Jean Markale fait partie de ses auteurs qui posent problème. D'un côté, ils font montre d'une érudition (de façade)
qui force le respect. De l'autre, ils accumulent les théories les plus farfelues, et avancent nombre de preuves difficilement vérifiables. Le lecteur un tant soit peu suspicieux aurait
tendance (il y aurait sans doute raison) à classer cet auteur parmi les charlatans. Surtout qu'au long de sa carrière et de ses nombreux écrits, l'homme s'est attaqué
à des sujets aussi divers que la Triangle des Bermudes (
L'Enigme du triangle des Bermudes), le trésor de Rennes-le-Château
(
Rennes-le-Château ou l'énigme de l'or maudit), le Graal (
Brocéliande et l'énigme du Graal), l'Atlantide (
Carnac et l'énigme de l'Atlantide), et
bien d'autres encore.
Seulement voilà, sans même croire ce qui est écrit dans ce livre, le lecteur ne pourra pas s'empêcher de se dire que son analyse générale sur l'absorption des
religions anciennes par les nouvelles, et en particulier leurs habitudes de culte, sonne étrangement juste. Et correspond assez à ce que d'autres historiens et archéologues ont
pu noter. Ce qui, en fin de compte, remet en question nombre d'acquis religieux, en particulier, dans le cas qui nous concerne ici, sur le christianisme. Et en allant un petit peu plus loin dans la
réflexion, jusqu'à remettre en cause l'idée même du Dieu des chrétiens.
Par exemple,
Jean Markale rappelle, à juste titre, que le principe d'Immaculée Conception, aujourd'hui absolument indissociable
du personnage de Marie, est en fait un concept très récent, puisqu'il date de la bulle pontificale de décembre 1854, due à
Pie IX. Quand à la virginité
de cette même Marie, elle est certes plus ancienne, mais datant tout de même du deuxième concile de Constantinople (553). Qu'en déduire sinon que le dogme est aussi mouvant
que les hommes qui le font?
Mais ce qui intéresse
Jean Markale, c'est de "démontrer" que le culte marial, en particulier à Chartres, est plus ancien
que le christianisme, et qu'il est hérité de croyances druidiques et celtes. L'auteur en profite d'ailleurs pour rappeler que la fête de Noël, déclarée jour de
la naissance du Christ en 354 par le pape Liberus, n'est rien d'autre que l'accaparation de la fête de Mithra, qui avait lieu le 25 décembre, cette divinité perse ayant
été pendant des siècles (jusqu'à son interdiction en 391) l'un des principaux rivaux cultuels du christianisme. De même, l'image cornue du Diable serait une
récupération de Cernunnos, l'un des dieux Gaulois (qui habituellement, est plutôt associé à deux saints bretons, saint Edern et saint Théleau).

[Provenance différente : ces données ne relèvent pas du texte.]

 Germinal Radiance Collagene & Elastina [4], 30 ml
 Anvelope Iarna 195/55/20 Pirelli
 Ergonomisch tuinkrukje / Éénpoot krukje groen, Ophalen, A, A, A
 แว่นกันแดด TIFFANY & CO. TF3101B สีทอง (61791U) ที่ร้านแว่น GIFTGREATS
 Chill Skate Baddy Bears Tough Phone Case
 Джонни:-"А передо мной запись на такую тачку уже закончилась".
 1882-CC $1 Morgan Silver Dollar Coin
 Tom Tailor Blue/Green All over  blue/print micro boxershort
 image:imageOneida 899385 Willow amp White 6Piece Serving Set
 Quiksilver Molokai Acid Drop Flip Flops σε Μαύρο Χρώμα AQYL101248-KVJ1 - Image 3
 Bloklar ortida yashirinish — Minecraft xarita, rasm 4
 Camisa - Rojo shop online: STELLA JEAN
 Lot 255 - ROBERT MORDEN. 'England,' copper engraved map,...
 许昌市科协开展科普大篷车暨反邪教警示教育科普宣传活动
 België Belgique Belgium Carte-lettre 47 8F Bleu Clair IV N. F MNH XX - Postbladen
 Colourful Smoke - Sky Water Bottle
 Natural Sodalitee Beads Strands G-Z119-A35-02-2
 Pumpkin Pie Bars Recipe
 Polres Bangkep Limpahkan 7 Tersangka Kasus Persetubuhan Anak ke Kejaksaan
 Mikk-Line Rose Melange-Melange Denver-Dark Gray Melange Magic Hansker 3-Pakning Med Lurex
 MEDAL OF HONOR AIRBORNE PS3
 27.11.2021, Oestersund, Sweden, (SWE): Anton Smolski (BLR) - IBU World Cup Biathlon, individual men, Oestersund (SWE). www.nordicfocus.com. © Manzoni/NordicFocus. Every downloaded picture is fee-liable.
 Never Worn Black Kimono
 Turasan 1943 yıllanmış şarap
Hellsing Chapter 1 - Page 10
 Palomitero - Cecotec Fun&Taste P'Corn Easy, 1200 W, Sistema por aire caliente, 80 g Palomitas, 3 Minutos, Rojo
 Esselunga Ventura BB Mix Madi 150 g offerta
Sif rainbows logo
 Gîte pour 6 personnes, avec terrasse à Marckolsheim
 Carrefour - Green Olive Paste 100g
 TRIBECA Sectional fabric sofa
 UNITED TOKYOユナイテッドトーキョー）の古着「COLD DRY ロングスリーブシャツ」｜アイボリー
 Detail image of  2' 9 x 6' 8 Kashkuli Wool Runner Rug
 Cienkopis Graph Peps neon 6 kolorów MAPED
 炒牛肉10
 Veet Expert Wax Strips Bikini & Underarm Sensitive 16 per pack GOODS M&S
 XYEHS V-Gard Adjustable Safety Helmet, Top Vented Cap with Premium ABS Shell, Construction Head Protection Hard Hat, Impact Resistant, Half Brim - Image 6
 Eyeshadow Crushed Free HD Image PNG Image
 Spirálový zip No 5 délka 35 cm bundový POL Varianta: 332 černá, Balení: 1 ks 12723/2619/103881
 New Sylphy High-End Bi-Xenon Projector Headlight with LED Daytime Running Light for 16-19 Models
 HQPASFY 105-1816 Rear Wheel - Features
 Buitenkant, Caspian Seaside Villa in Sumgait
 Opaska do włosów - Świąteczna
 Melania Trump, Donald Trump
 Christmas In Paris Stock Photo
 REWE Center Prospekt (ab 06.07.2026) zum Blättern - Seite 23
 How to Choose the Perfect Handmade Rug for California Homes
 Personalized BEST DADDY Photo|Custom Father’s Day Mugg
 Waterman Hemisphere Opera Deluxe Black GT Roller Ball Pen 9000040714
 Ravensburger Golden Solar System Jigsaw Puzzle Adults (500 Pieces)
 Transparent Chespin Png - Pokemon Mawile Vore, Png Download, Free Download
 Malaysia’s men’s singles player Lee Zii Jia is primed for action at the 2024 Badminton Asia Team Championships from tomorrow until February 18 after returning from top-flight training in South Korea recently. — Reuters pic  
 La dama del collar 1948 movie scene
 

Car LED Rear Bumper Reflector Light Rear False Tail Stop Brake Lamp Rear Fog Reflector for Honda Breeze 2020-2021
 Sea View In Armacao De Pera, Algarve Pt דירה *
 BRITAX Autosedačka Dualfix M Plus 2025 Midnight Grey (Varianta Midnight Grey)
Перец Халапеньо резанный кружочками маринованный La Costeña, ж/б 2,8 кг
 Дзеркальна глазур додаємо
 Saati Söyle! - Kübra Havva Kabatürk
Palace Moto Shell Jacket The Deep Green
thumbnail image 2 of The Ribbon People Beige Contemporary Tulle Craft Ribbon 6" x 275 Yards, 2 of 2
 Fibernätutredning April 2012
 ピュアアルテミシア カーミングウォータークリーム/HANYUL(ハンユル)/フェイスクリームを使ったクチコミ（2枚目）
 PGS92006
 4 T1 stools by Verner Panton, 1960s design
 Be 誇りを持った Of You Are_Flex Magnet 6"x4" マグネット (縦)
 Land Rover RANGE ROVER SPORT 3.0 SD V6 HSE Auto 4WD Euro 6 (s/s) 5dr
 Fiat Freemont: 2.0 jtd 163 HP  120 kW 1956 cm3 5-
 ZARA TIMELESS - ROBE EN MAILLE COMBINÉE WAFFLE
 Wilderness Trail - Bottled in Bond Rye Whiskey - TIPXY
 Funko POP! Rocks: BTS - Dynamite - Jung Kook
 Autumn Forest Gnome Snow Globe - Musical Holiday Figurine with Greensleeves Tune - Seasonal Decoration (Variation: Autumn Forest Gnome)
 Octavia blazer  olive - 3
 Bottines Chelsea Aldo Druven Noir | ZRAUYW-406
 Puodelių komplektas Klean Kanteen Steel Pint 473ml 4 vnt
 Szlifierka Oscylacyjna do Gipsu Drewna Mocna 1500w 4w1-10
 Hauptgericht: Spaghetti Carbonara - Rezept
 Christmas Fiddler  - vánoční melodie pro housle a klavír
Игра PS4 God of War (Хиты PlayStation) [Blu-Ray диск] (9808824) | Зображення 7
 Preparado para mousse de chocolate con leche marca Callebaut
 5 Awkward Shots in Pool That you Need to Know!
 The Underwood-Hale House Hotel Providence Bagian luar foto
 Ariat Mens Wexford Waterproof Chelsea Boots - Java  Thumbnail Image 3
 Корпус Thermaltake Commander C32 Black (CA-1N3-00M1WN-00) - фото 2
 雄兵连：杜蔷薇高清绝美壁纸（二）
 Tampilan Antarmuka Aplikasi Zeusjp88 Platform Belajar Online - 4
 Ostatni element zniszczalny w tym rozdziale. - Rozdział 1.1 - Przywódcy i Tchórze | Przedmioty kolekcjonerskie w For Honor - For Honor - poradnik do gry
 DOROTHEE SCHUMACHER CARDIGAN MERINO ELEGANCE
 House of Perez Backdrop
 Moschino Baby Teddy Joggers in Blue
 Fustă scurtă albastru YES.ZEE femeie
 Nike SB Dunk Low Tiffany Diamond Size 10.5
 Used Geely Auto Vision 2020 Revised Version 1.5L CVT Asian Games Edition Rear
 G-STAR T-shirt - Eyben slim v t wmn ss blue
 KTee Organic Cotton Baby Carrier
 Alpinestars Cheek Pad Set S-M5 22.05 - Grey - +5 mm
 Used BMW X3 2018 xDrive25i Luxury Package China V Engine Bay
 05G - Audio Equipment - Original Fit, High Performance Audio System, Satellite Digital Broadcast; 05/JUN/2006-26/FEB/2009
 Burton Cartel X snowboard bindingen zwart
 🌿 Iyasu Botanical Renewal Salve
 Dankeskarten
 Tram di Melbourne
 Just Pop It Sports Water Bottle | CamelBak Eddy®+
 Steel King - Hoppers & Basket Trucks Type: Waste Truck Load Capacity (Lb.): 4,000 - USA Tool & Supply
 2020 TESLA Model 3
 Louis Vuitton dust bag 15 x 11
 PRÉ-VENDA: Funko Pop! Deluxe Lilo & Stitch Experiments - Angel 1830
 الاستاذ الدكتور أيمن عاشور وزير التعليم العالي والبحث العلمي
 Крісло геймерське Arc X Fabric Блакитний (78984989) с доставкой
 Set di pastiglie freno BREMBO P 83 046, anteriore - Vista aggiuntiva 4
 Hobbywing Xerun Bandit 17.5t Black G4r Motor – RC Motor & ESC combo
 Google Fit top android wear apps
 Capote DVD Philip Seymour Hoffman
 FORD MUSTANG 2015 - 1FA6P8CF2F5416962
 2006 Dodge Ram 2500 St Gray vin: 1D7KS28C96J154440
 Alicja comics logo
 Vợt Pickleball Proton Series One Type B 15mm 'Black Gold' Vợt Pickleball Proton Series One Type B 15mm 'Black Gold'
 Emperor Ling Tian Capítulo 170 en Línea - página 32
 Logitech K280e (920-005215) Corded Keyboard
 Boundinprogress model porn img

En dehors de l'auteur (qui, soit dit en passant, aime à se citer lui-même), peu de scientifiques ou d'historiens trouveront beaucoup de crédit dans ses théories, en partie
à cause d'un manque cruel de preuves (d'ailleurs,
Jean Markale lui-même présente ses idées comme étant des
théories, ce qui en dit long sur le crédibilité qu'il porte à son histoire).
Alors oui, son récit manque de preuve, accumule les théories fumeuses (on est loin, cependant, des délires d'un livre comme
l'Enigme sacrée), et s'éloigne pratiquement constamment de son sujet (la cathédrale de Chartres), mais pourtant
s'en dégage l'idée que les religions (et en particulier la religion catholique) ne sont rien d'autre que le mélange des religions passées, où le geste cultuel aurait
pris le dessus sur le sens, au point de perdre l'idée originelle. En cela, un livre comme
Chartres et l'énigme des druides mérite que l'on s'y intéresse, surtout
couplé à un livre comme
pour en finir avec Dieu
(
Richard Dawkins), qui aborde quand à lui le problème divin non pas d'un point de vue historique mais scientifique.
Chartres et l'énigme des druides ou l'un des rares cas où les charlatans rejoignent les hommes de science!